From the BBC:
Independent schools in England are protesting about "too narrow" rules for charitable status - as two out of five test-case schools fail to qualify. The loss of charitable status threatens tax benefits for independent schools (1). The Independent Schools Council says the rulings rely too much on the number of bursaries, with fees likely to have to rise to fund subsidised places. The Charity Commission says charities must "demonstrate how they bring real benefit to the public" (2).
The publication of the rulings is the latest stage in determining how fee-paying schools can retain charitable status. The refusal of this status for two of the first test-case schools - St Anselm's in Derbyshire and Highfield Priory, near Preston, Lancashire - has angered the independent school sector.

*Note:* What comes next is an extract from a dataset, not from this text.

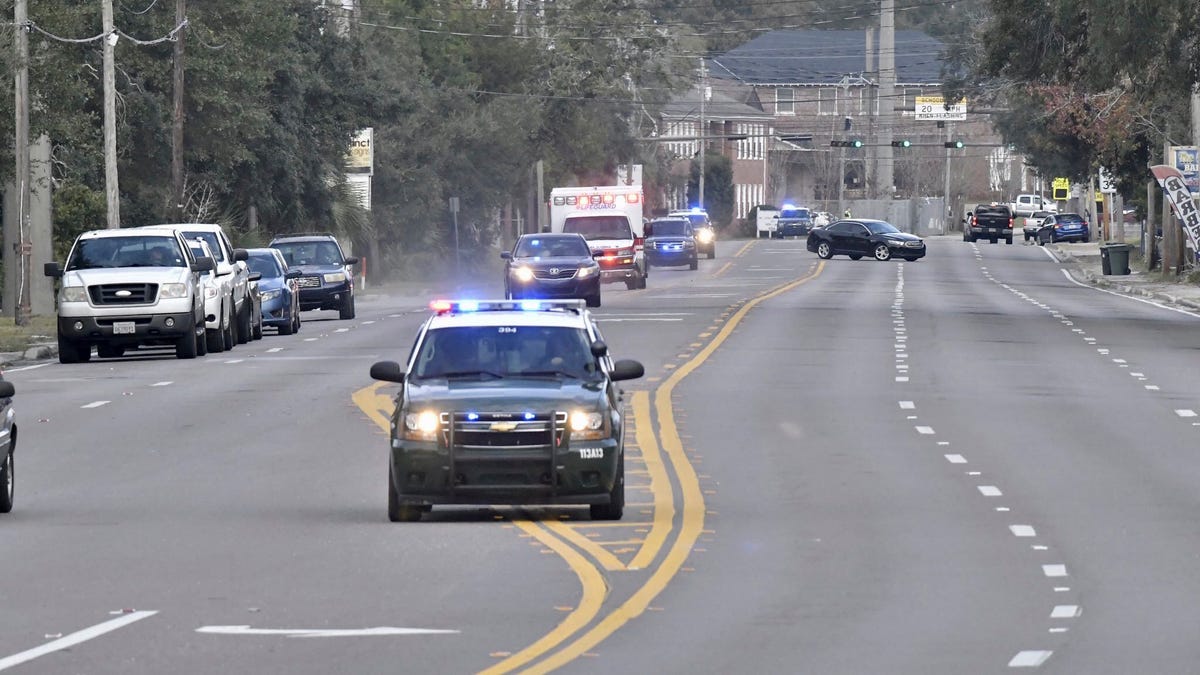 Police cars escort an ambulance after a shooter opened fire inside the Pensacola Air Base in Florida on Friday, Dec. 6, 2019.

(1) Taking St Anselm's School, for example: it has 250 pupils, and its 2008 accounts show total income of £3,590,405 (average school fees £14,362 per pupil) with a group profit before tax of £352,468. If it didn't have charitable status, it would have to pay around £70,000 in corporation tax. So the price of telling the meddlers to piss off would be around £280 per pupil, which would free them from a lot of other admin and hassle as well.
(2) How can private schools, however expensive or snobby, not be of direct and immediate "benefit to the public", simply by dint of the fact that those pupils aren't asking for a tax-payer funded place at a state school? And don't forget that "[a]ccording to Lord Macnaghten, to be charitable, a trust must be either for:
• The relief of poverty;
• The advancement of education;
• The advancement of religion; or
• Other purposes beneficial to the community."
Is the Charities Commission seriously contending that this or any other school is not primarily for "the advancement of education"?
Of course, once I'm in charge, there won't be any tax breaks for charities, but the education vouchers will sure as heck be worth more than £280 per pupil.